No século XV, os reis católicos instalaram-se em Córdoba, para dirigir da cidade a reconquista de Granada e, nessa altura, a cidade recuperou parte do seu esplendor. Em 1486, Isabel e Fernando receberam o marinheiro genovês Cristovão Colombo, no Alcácer dos reis cristãos, para escutar a sua inovadora rota rumo à Índia. A cristianização de Córdoba chegou em 1482, quando os reis católicos expulsaram os judeus e muçulmanos da Península Ibérica. Como consequência, em 1523, Carlos I autorizou a construção de uma catedral no interior da Mesquita. Nos anos seguintes foram também construídas as Cavalariças Reais, a Porta del Potro e a Plaza de La Corredera, lugares incontornáveis em qualquer visita. Córdoba teria, ainda, um papel de protagonista em 1808, quando as tropas do general Castaños venceram o exército francês na batalha de Bailén, naquela que foi a primeira derrota de Napoleão.

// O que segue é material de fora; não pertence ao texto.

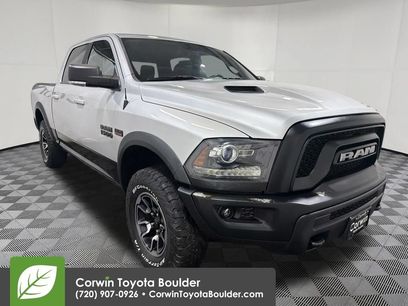 Used 2016 RAM 1500 Rebel w/ Luxury Group
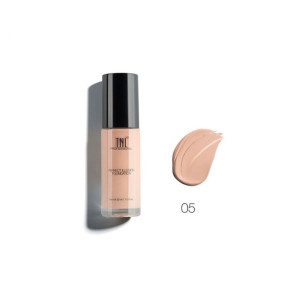 Тональный крем TNL Professional Illusion Foundation тон 05 Warm rose 30 мл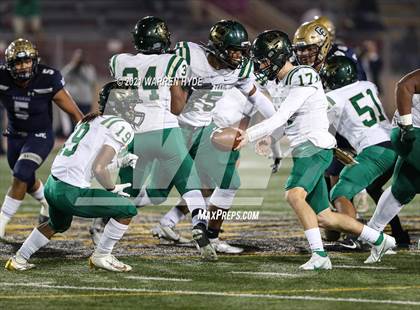 Thumbnail 2 in Central Catholic vs. Monterey Trail (CIF SJS D2 Final) photogallery.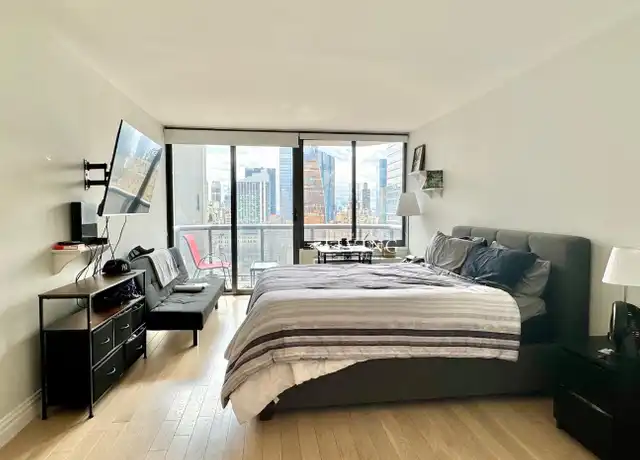 Property at 235 W 48th St Unit 33D1, New York, NY, 10036, 0 beds, 1 bath, [object Object]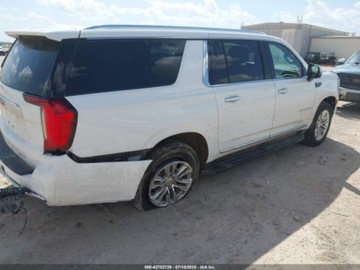  GMC Yukon XL SLT 2024 5.3l 5.3 Benzyna 355KM, zdjęcie 5
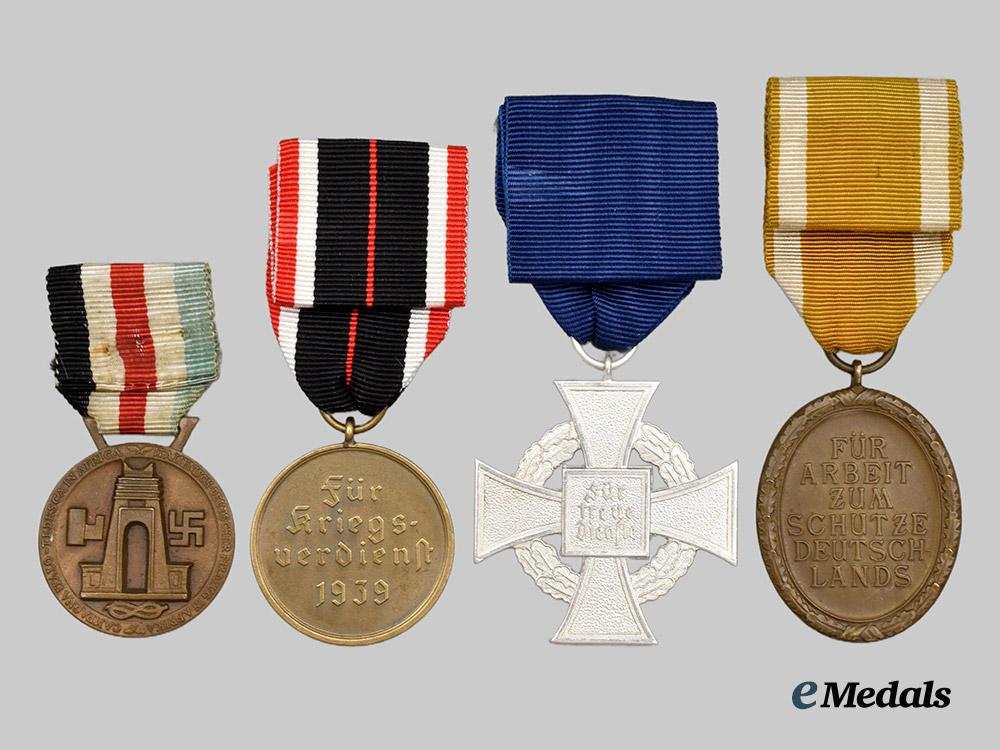 germany,_third_reich._a_mixed_lot_of_four_service_awards___m_n_c7101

Desde meados do século XX que a cidade vive um renascimento económico e cultural que originou um crescimento considerável da sua população. Córdoba conta hoje com mais de 325.000 habitantes (a terceira maior cidade da Andaluzia). A UNESCO, declarou Córdoba Património da Humanidade em 1984. Recentemente, em 2008, o conjunto arqueológico da Medina Azahara foi declarado Património Mundial. 

(continua)

2 comentários:

Amílcar Vasques-Dias disse...

BELA LIÇÃO DE HISTÓRIA, RUI! Obrigado! Um abraço do Amílcar,

Rui Mota disse...

Obrigado, Amilcar!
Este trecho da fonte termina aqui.